Digital rights activist Cory Doctorow claims Google executives pitched a strategy in 2019 to deliberately make search results worse, forcing users to run multiple queries and view more advertisements despite holding 90 per cent market share, citing internal documents revealed in antitrust proceedings.

The revelation forms part of a broader pattern of platform degradation that Doctorow has documented over decades of observing major technology companies. In conversation with Vox, he outlined how platforms systematically worsen their services after achieving dominance to extract maximum revenue from both users and business customers.

Doctorow terms this systematic degradation “enshittification” – describing it as a process where platforms initially provide excellent service to attract users, then exploit switching costs and network effects to lock them in before worsening the experience to boost profits.

Paying for prominent placement

Doctorow claims the degradation extends beyond consumer services into enterprise markets. Amazon’s advertising business, which he says is now worth more than $50 billion annually, operates as what he calls “payola” – requiring sellers to pay for prominent placement in search results rather than displaying the best value products.

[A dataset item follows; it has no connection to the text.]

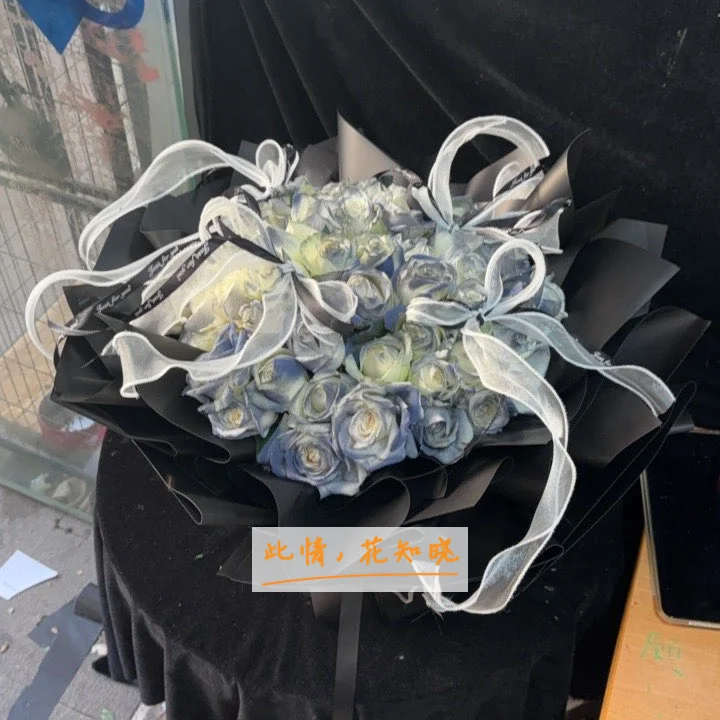 汕头市红十字会医院附近花店送花实拍图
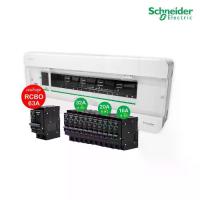 ราคา Schneider Set ตู้แสควร์ดี 18 ช่อง + เมนเบรกเกอร์กันดูด RCBO 63A + ลูกย่อยเซอร์กิตเบรกเกอร์ 32A/20A/16A 1 เฟส 2 สาย 240V (1730166873424955873)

“The first result is often not the best price or best quality; it’s who paid the most,” Doctorow told Vox, drawing on decades of research documented in his book, Enshittification: Why Everything Suddenly Got Worse and What to Do About It. His analysis shows the top search result averages 29 per cent more expensive than the actual best deal.

Doctorow says enterprise customers face additional constraints through “most-favoured nation” clauses that force sellers to raise prices across all platforms if they increase them on Amazon to cover the company’s fees. He argues this mechanism spreads Amazon’s pricing power beyond its own marketplace into broader e-commerce.

The pattern affects business decision-making across digitised sectors as companies gain the technical capability to adjust pricing and service quality on a per-user basis whilst legal protections prevent customers from inspecting or modifying the underlying software, he claims.

Doctorow argues the solution requires structural changes including antitrust enforcement, interoperability rights, and increased worker power rather than consumer choice alone, noting that alternative services often become degraded as dominant platforms eliminate competition.